Task prompt: Search the records for "Foto". Report every line where it occurs.

Provided records:
=== Section Start ===

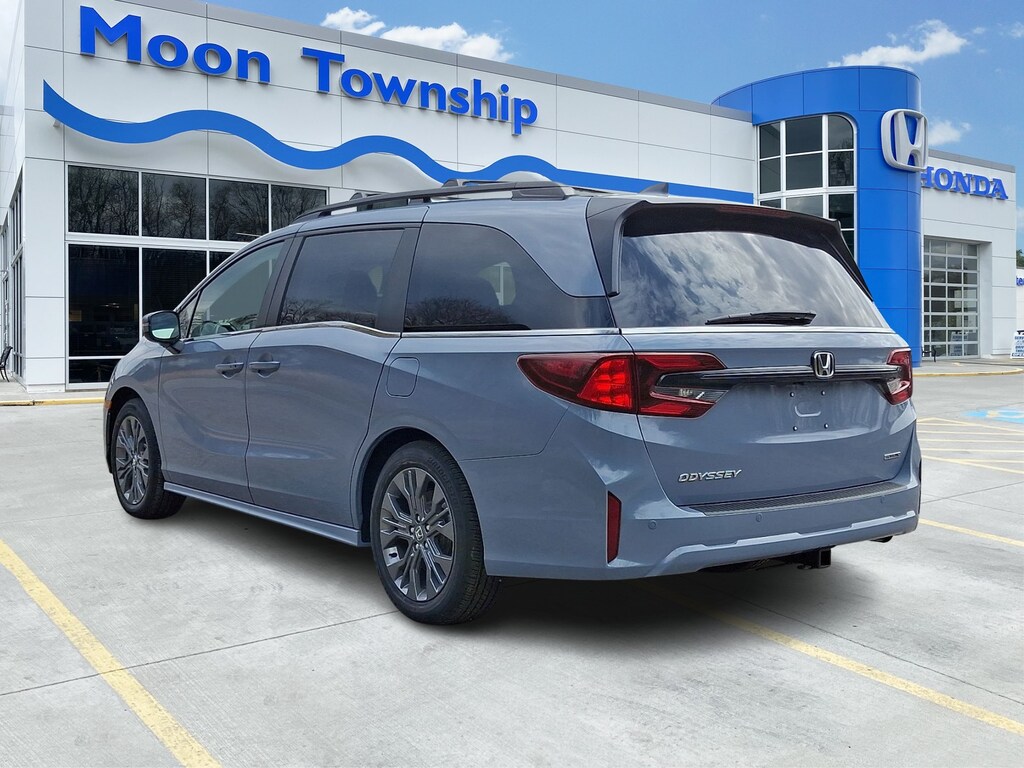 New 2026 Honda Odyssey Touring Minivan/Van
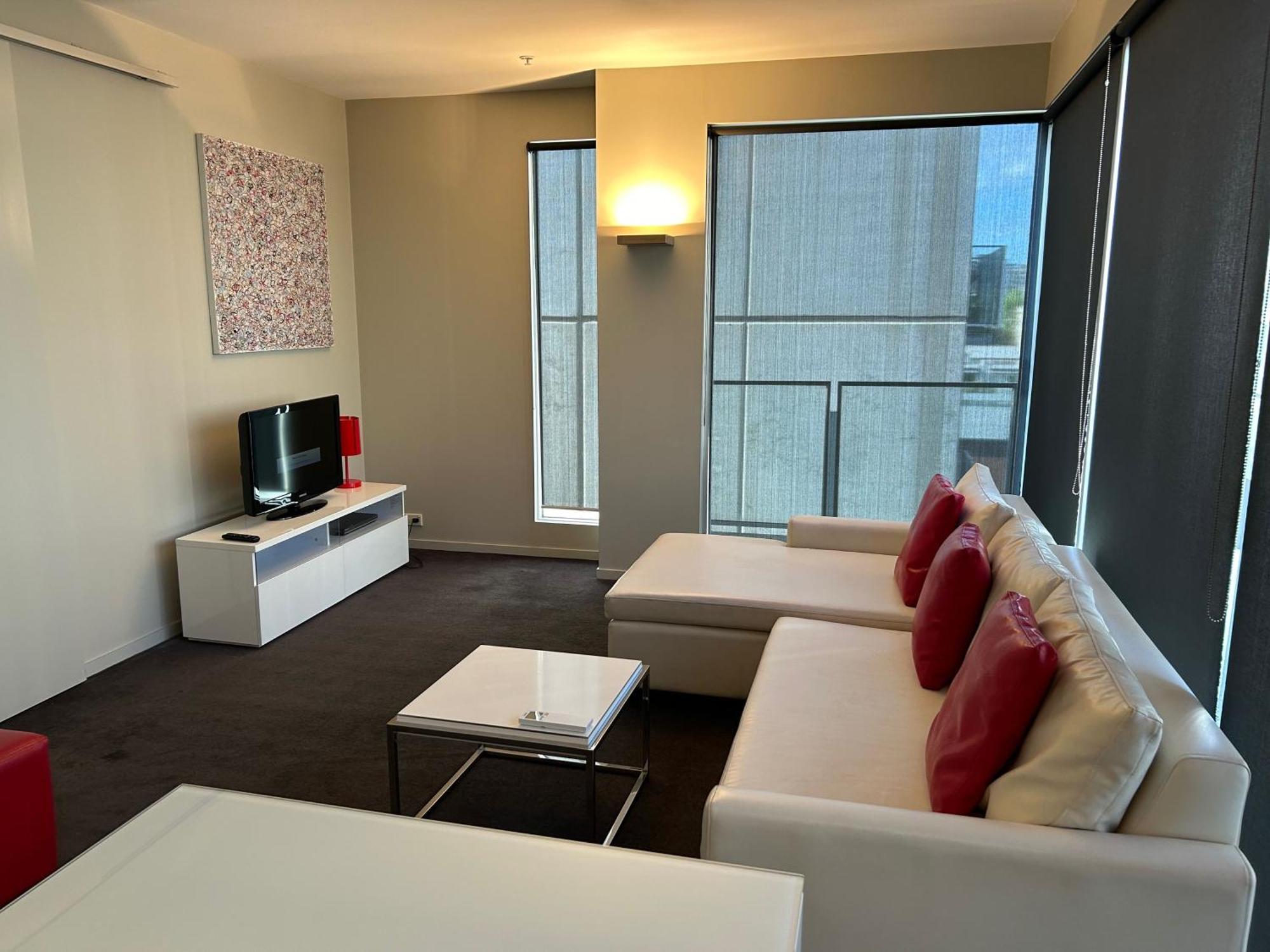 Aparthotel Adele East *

=== Section End ===
=== Section Start ===

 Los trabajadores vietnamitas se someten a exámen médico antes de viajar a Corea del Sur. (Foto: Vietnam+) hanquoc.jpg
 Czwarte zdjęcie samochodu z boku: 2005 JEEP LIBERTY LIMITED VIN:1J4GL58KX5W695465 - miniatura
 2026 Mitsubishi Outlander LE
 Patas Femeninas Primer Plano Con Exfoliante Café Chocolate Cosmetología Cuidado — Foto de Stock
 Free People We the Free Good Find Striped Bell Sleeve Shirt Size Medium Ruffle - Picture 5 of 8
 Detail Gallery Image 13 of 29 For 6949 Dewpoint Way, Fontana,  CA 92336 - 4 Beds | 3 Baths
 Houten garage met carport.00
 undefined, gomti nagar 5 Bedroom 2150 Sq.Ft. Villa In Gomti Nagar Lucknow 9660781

=== Section End ===

Task output:
 Los trabajadores vietnamitas se someten a exámen médico antes de viajar a Corea del Sur. (Foto: Vietnam+) hanquoc.jpg
 Patas Femeninas Primer Plano Con Exfoliante Café Chocolate Cosmetología Cuidado — Foto de Stock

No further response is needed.